Moskau werde sich mit einem ukrainischen Präsidenten Juschtschenko abfinden und seine Politik im postsowjetischen Raum ändern müssen, sagt der russische Politologe Andrej Piontkowski im Gespräch mit Eduard Steiner.

Standard: Welche Politik wird Russland einschlagen?

Piontkowski: In letzter Zeit klingt eine Annäherung an – Putin hat sie in Deutschland geäußert. Auch bei seinem traditionellen Jahresauftritt vor den Journalisten hat er gesagt, dass wir Juschtschenko ja als Premier kennen und mit ihm arbeiten werden. Moskau hat keine besonderen politischen oder gewaltsamen Hebel für einen Einfluss in der Ukraine – daher wird es sich mit der Situation abfinden müssen.

Standard: Juschtschenko spricht sogar von einer strategischen Priorität für Russland.

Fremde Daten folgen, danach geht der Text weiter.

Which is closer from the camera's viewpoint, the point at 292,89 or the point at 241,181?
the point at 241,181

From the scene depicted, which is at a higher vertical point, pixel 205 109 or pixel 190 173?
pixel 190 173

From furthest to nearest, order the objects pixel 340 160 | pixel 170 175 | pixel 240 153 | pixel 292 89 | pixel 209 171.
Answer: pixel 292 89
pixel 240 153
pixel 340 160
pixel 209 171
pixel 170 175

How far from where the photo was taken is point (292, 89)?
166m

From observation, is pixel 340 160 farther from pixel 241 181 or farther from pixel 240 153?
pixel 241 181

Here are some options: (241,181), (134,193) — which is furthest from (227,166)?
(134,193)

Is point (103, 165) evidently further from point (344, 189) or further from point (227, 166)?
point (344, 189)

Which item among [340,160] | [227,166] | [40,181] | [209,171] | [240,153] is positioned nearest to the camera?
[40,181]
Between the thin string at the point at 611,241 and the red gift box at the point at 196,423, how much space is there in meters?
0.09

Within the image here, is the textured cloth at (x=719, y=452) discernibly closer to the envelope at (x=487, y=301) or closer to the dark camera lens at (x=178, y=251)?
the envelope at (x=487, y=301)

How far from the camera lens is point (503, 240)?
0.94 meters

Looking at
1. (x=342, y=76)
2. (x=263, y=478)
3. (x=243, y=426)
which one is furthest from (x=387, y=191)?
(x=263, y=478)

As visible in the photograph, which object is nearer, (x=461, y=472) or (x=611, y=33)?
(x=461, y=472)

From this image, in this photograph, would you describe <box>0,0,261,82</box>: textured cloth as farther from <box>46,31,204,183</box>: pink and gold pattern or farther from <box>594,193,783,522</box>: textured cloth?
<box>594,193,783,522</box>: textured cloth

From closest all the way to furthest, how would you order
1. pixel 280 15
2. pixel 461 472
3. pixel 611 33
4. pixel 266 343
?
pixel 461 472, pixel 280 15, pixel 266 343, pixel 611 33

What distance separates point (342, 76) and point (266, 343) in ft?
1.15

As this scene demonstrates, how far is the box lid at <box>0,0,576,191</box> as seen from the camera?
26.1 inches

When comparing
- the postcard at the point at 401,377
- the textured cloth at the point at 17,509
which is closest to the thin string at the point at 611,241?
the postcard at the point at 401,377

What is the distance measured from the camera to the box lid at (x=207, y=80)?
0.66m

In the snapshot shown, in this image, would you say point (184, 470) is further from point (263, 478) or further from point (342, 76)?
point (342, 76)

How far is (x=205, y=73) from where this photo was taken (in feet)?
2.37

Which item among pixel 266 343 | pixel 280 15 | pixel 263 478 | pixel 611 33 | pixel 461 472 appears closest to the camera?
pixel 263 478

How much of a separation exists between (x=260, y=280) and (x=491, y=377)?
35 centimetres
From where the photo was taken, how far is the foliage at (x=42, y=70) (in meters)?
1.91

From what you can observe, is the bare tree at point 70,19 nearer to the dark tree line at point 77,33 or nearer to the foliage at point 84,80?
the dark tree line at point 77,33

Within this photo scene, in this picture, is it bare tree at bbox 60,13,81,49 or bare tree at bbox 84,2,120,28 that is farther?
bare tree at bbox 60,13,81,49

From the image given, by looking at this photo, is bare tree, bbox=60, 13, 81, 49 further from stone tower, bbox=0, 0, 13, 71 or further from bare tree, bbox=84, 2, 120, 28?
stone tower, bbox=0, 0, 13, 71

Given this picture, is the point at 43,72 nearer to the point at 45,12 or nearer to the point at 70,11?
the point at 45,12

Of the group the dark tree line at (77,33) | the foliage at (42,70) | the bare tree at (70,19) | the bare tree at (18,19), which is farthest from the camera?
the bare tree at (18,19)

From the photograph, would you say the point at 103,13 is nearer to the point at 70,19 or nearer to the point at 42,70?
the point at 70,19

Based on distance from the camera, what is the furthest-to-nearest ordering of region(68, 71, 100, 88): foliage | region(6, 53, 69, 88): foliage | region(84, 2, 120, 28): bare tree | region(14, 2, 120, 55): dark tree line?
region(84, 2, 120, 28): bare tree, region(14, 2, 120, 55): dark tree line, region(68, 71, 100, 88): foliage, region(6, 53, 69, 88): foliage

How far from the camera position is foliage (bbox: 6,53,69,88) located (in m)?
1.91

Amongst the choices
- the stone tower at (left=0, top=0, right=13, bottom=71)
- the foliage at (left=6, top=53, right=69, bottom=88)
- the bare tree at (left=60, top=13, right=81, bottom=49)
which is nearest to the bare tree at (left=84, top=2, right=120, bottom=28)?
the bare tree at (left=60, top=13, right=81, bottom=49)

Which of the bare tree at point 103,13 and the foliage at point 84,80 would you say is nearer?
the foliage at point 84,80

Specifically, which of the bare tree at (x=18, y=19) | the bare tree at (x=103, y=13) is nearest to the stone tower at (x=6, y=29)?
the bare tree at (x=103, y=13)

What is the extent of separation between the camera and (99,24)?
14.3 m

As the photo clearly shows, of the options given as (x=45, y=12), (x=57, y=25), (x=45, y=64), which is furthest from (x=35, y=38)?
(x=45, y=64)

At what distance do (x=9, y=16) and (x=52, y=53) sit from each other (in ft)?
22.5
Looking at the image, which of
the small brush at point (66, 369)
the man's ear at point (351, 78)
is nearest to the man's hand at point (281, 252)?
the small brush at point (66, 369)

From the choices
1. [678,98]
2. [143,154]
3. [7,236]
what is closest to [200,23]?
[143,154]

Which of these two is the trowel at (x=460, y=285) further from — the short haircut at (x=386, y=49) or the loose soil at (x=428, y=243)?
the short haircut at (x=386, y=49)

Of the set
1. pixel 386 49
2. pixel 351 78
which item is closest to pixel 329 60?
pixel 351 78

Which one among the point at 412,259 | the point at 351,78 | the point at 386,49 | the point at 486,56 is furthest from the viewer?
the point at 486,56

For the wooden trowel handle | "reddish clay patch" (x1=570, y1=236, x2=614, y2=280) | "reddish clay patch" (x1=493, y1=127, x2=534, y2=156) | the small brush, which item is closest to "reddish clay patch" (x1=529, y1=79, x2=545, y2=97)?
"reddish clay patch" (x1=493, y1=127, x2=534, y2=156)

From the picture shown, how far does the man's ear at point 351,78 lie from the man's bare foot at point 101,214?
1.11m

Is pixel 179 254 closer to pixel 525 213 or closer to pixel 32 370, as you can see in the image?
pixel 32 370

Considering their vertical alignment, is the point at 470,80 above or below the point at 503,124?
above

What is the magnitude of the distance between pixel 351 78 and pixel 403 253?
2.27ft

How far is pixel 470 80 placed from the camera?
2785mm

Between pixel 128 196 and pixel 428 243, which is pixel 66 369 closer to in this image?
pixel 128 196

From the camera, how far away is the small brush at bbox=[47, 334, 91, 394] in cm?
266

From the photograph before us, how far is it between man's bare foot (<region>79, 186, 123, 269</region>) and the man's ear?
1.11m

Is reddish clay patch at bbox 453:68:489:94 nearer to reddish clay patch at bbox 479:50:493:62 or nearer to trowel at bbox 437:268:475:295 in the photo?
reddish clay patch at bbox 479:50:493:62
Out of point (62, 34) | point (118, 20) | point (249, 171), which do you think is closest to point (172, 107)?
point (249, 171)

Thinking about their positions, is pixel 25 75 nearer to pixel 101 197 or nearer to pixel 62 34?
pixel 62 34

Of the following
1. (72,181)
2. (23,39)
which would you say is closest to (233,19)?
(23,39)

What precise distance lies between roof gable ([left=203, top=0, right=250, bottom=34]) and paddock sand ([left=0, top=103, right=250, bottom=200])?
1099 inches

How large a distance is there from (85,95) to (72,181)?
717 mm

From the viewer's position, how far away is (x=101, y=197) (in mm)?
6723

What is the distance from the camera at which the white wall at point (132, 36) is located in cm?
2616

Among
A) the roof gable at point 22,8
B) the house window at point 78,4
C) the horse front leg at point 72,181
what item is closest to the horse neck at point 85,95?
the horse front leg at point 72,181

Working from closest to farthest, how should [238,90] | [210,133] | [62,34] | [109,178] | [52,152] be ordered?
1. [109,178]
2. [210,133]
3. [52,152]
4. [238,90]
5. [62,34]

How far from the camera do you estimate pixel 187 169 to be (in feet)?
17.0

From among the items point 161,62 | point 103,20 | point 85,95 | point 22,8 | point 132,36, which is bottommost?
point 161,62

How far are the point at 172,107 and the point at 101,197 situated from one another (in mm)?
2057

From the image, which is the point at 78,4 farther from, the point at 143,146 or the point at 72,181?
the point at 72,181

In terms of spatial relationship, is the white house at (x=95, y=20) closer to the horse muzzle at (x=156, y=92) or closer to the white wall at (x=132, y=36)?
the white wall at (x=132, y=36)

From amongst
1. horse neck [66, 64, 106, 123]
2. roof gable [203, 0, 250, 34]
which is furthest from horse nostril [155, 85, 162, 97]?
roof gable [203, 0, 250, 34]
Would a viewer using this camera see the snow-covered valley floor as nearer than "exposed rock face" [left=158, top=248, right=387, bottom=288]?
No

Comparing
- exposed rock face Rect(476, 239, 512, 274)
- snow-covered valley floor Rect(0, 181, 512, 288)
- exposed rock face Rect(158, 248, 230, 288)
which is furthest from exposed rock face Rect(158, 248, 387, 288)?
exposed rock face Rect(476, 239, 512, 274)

Piontkowski: Aber das gilt wohl auch für Kanada und die USA oder für Deutschland. Das heißt aber auf keinen Fall, wovon unsere politische Klasse träumt, nämlich eine Dominanz auf postsowjetischen Raum oder ein liberales Imperium – das braucht niemand. Ich hoffe jedenfalls, dass die Ukraine eine Lehre zur Ernüchterung der ganzen politischen Klasse in Russland ist.

Standard: Juschtschenko versprach dem russischen Business, es bei einer Revision der Privatisierungen nicht zu berühren.

Piontkowski: Er wird wahrscheinlich wirklich nicht darauf aus sein. Zumal russisches Kapital im Unterschied zur russischen Politik Juschtschenko – auch finanziell – unterstützt hat. Diese Unterstützung wird wohl weitergehen und auch die Mythen russischer Politologen zerstören; denn in Wirklichkeit wurden gerade unter Janukowitsch als Premier russische Firmen aus dem Markt gedrängt – etwa im Stahlbereich.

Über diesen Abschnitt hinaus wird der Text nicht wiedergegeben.